**Description of the task**
Two lines mark the range in the entries below: the one holding "This flight simulator" and the one holding "Can you move". Set down those two and all lines between them, exactly.

**Raw data**
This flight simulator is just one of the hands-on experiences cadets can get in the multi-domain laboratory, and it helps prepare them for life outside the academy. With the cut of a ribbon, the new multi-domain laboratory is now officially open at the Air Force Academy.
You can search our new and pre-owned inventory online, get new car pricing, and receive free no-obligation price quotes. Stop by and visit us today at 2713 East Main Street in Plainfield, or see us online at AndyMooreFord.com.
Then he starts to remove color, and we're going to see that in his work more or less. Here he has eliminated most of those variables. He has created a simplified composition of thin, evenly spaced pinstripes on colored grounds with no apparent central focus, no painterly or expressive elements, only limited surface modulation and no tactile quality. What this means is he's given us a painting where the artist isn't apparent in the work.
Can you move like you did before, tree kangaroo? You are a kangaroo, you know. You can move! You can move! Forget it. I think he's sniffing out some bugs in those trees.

...

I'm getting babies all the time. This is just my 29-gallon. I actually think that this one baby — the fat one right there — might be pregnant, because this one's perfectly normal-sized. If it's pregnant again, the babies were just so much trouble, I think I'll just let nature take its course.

==

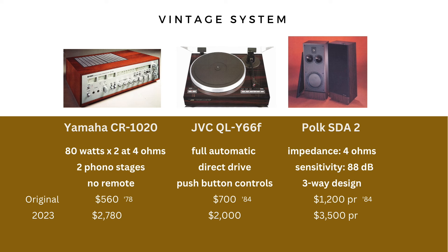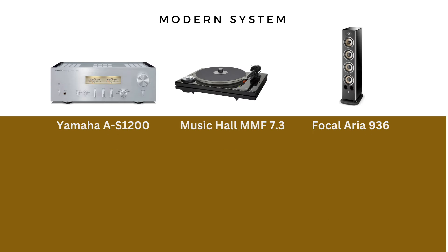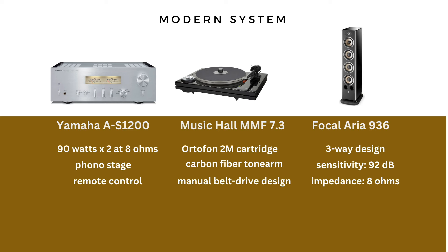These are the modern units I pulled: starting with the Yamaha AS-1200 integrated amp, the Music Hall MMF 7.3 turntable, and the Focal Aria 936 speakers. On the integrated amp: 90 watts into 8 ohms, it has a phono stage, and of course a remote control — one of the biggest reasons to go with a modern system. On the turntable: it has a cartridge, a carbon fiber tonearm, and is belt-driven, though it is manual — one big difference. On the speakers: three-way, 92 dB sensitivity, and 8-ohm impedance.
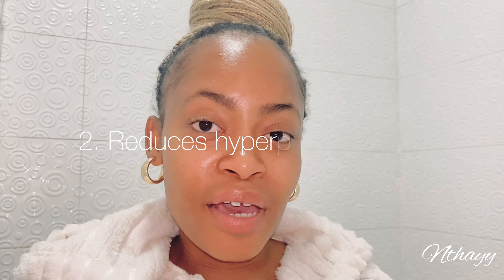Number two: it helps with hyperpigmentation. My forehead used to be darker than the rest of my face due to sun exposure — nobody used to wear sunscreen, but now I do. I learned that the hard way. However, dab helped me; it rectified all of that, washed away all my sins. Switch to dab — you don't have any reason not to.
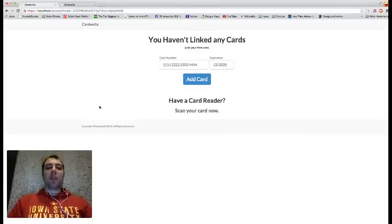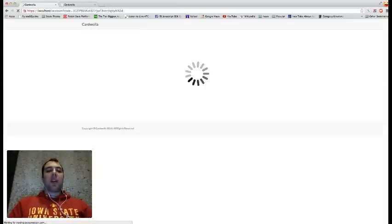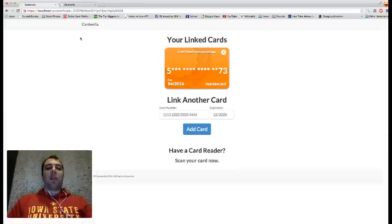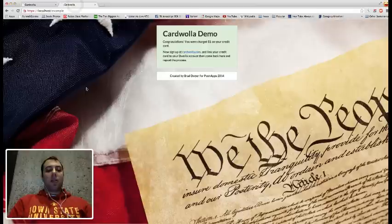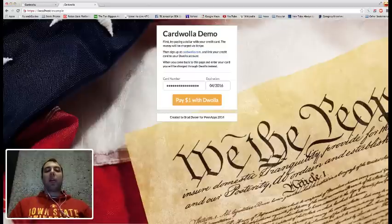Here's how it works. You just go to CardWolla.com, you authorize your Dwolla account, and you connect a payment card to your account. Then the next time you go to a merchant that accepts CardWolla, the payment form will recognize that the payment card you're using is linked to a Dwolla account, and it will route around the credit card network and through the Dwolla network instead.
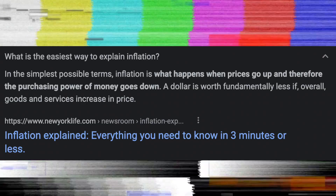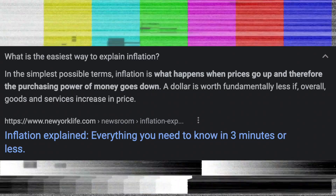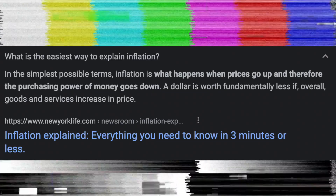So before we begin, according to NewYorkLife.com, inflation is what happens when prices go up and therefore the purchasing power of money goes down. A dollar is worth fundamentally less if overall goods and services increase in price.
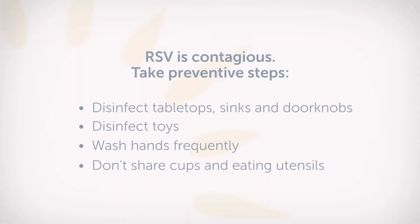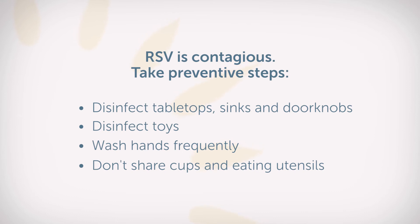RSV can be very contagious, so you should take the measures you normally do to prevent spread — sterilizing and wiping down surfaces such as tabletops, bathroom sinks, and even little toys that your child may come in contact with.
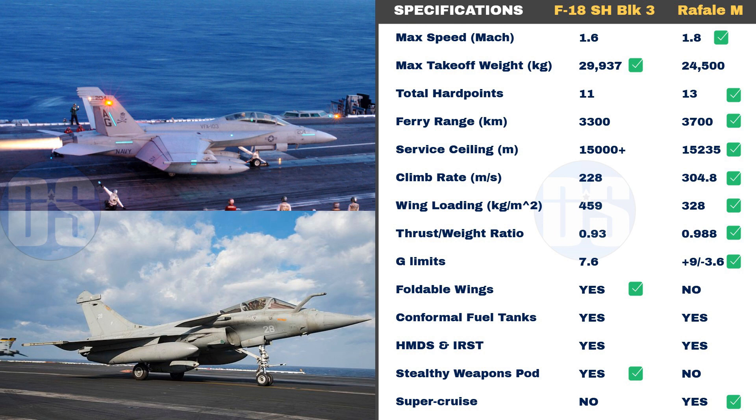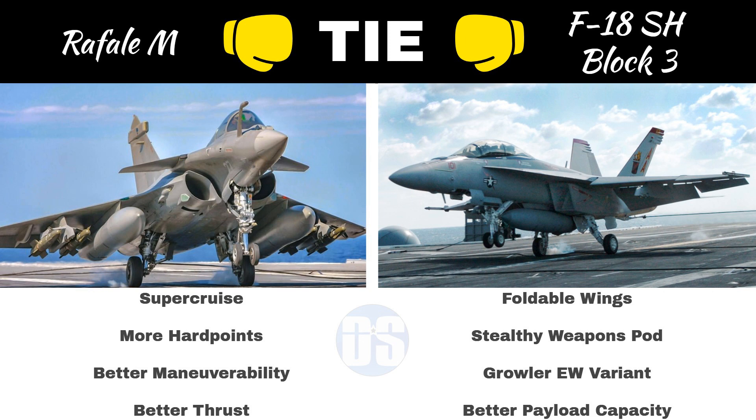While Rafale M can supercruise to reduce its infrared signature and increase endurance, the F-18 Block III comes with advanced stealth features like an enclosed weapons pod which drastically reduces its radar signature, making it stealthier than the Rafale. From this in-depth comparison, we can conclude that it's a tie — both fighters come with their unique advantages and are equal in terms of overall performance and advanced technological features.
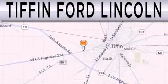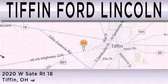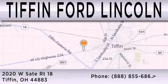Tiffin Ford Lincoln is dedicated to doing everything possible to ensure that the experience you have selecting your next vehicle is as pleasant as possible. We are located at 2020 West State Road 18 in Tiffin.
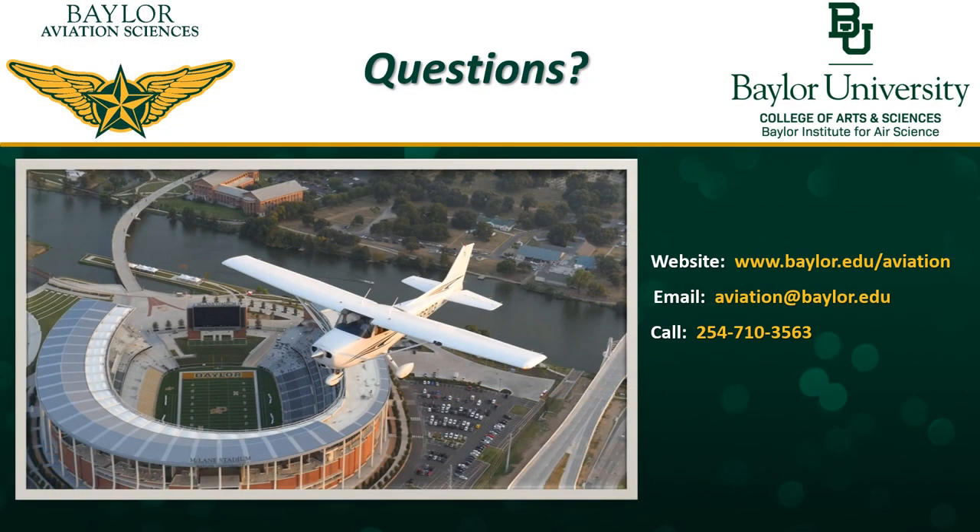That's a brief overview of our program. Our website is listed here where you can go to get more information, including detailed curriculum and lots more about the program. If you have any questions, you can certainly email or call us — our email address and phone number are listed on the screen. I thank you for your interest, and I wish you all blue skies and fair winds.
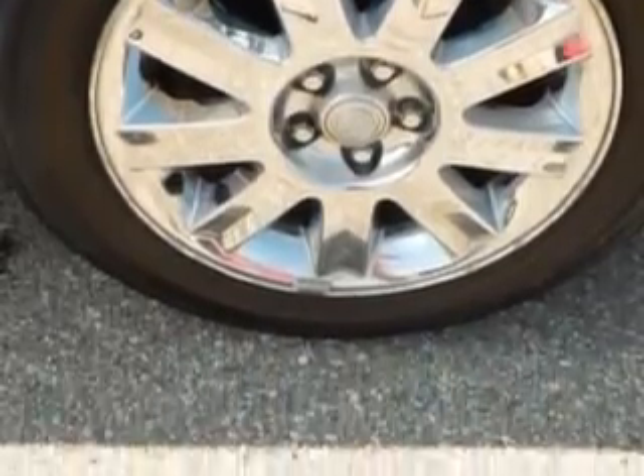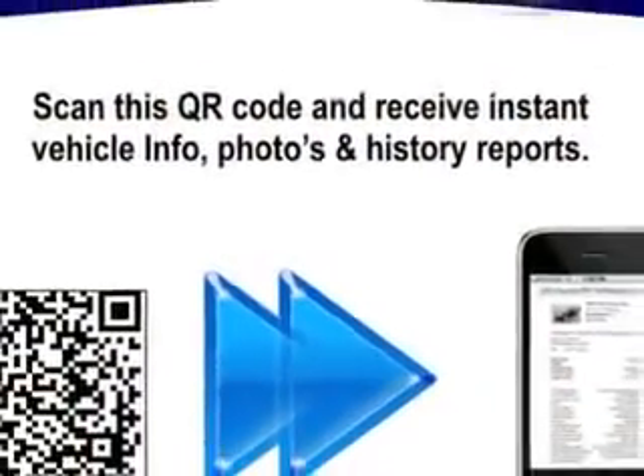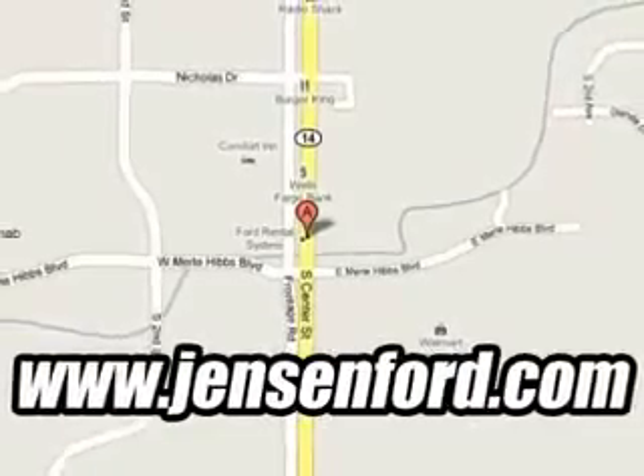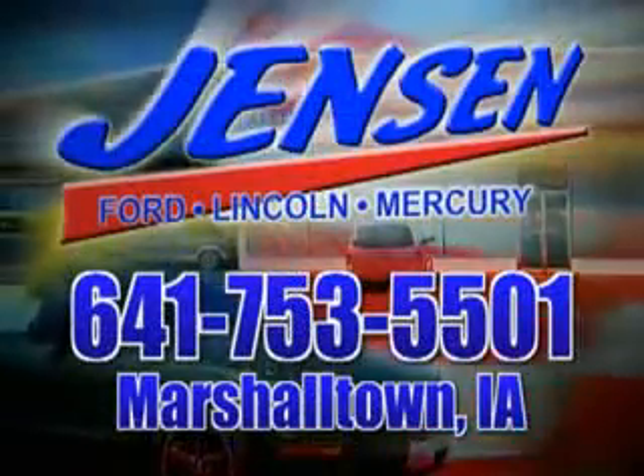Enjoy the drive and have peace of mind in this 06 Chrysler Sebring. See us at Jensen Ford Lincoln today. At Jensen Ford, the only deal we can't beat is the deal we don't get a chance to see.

**Solution**
This flight simulator is just one of the hands-on experiences cadets can get in the multi-domain laboratory, and it helps prepare them for life outside the academy. With the cut of a ribbon, the new multi-domain laboratory is now officially open at the Air Force Academy.
You can search our new and pre-owned inventory online, get new car pricing, and receive free no-obligation price quotes. Stop by and visit us today at 2713 East Main Street in Plainfield, or see us online at AndyMooreFord.com.
Then he starts to remove color, and we're going to see that in his work more or less. Here he has eliminated most of those variables. He has created a simplified composition of thin, evenly spaced pinstripes on colored grounds with no apparent central focus, no painterly or expressive elements, only limited surface modulation and no tactile quality. What this means is he's given us a painting where the artist isn't apparent in the work.
Can you move like you did before, tree kangaroo? You are a kangaroo, you know. You can move! You can move! Forget it. I think he's sniffing out some bugs in those trees.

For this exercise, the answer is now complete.